MENELUSURI jejak sejarah penyebaran agama Islam di Jawa Barat, khususnya di Kab. Garut, tidak akan lepas dari peran dan jasa besar tokoh penyebar Islam, Syekh Jafar Shidik alias Mbah Wali, yang tidak henti-hentinya mendorong umat untuk terus mengembangkan ilmu dan kemajuan ekonomi, termasuk keahlian membuat makanan.

Salah satu warisan dari Mbah Wali yang hingga saat ini terus dikenal yaitu sambel cibiuk yang dikembangkan puterinya, Rd. Ayu Fatimah. Sambel cibiuk bahkan sudah menjadi trade mark di sejumlah restoran di beberapa kota besar seperti Bandung dan Jakarta. Mungkin karena itulah, orang lebih mengenal Cibiuk dengan sambalnya yang khas.

Padahal, Mbah Wali juga meninggalkan satu warisan yang tak kalah pentingnya bagi pengembangan Islam, yaitu sebuah bangunan masjid yang hingga kini masih bisa dimanfaatkan umat Islam untuk berbagai kegiatan keagamaan.

Masjid yang dibangun memiliki ciri dan corak khas bangunan masjid buatan para wali di Pulau Jawa, yaitu beratap kerucut dengan disangga tiang-tiang kayu kokoh yang sambungannya tidak menggunakan paku.
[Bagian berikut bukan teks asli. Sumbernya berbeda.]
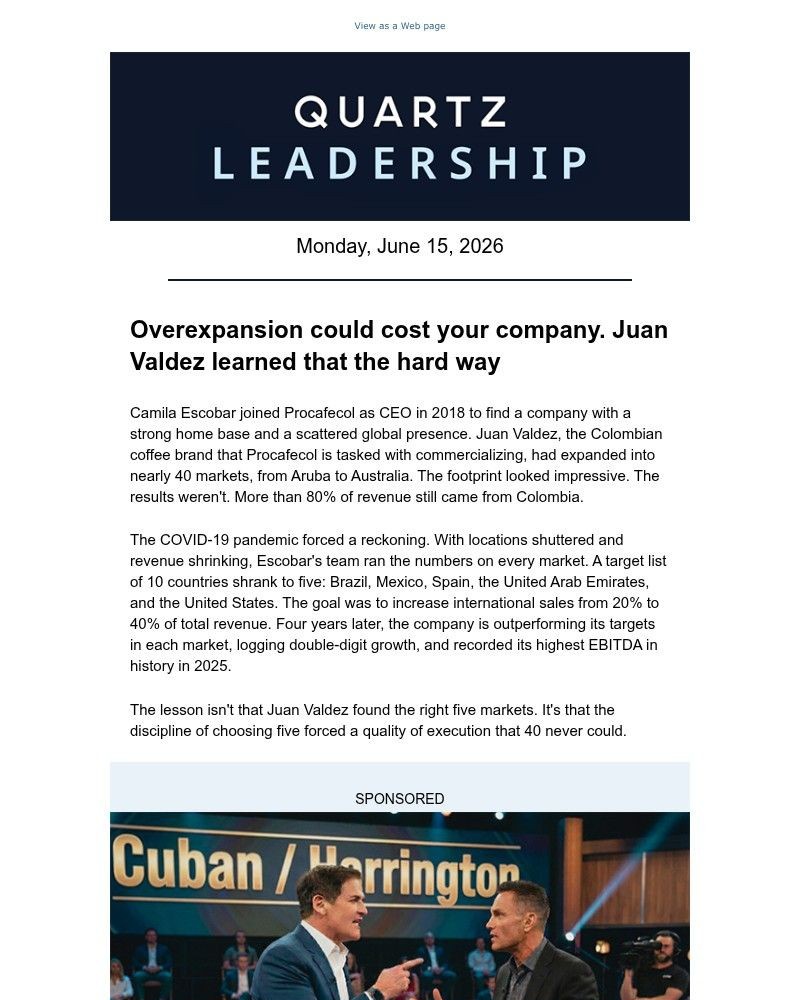 Screenshot of email sent to a Quartz Newsletter subscriber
Pada bagian atas atapnya dipasang sebuah benda berukir, terbuat dari batu yang disebut masyarakat setempat sebagai ‘pataka’. Diperkirakan bangunan masjid tersebut sudah berusia lebih dari 460 tahun.

Karenanya, sejumlah tokoh masyarakat berharap pemerintah bisa menjadikan masjid yang lebih dikenal dengan sebutan Masjid Mbah Wali di Kampung Pasantren Tengah RT 01/RW 02 Desa Cibiuk Kidul itu sebagai salah satu bangunan cagar budaya. Kendati demikian, mereka juga menyadari harapan tersebut tampaknya cukup sulit diwujudkan.

Panggung

Pasalnya, bangunan masjid peninggalan Mbah Wali sudah banyak berubah dari aslinya. Hal itu diakui tokoh masyarakat Cibiuk yang juga pengurus Masjid Mbah Wali, K.H. Ahmad Zainal Muttaqien. Menurutnya, Masjid Mbah Wali aslinya berupa bangunan panggung berukuran 6 x 6 meter, terbuat dari kayu dan bambu, dengan lantai pelupuh (papan terbuat dari bambu, red). Atapnya berupa ijuk yang di atasnya dipasangi sebuah pataka. Masjid tersebut beberapa kali mengalami renovasi.

Tempat masjid tersebut berada disebut sebagai Kampung Pasantren Tengah. Karena, tempat tersebut tepat berada di tengah kampung-kampung dan desa di wilayah tersebut. Mungkin hal itu bertujuan agar masjid dan pesantren yang dibangun Mbah Wali bisa dijangkau dari berbagai tempat.

Pohon kendal

Di depan Masjid Mbah Wali terdapat sebatang pohon kendal yang diduga berusia ratusan tahun, bahkan lebih tua dari usia masjid. Pohon yang buahnya oleh anak-anak sering dipakai sebagai lem untuk menangkap capung, dipercaya beberapa kalangan tertentu sebagai tempat para wali melangsungkan suatu pertemuan dulu.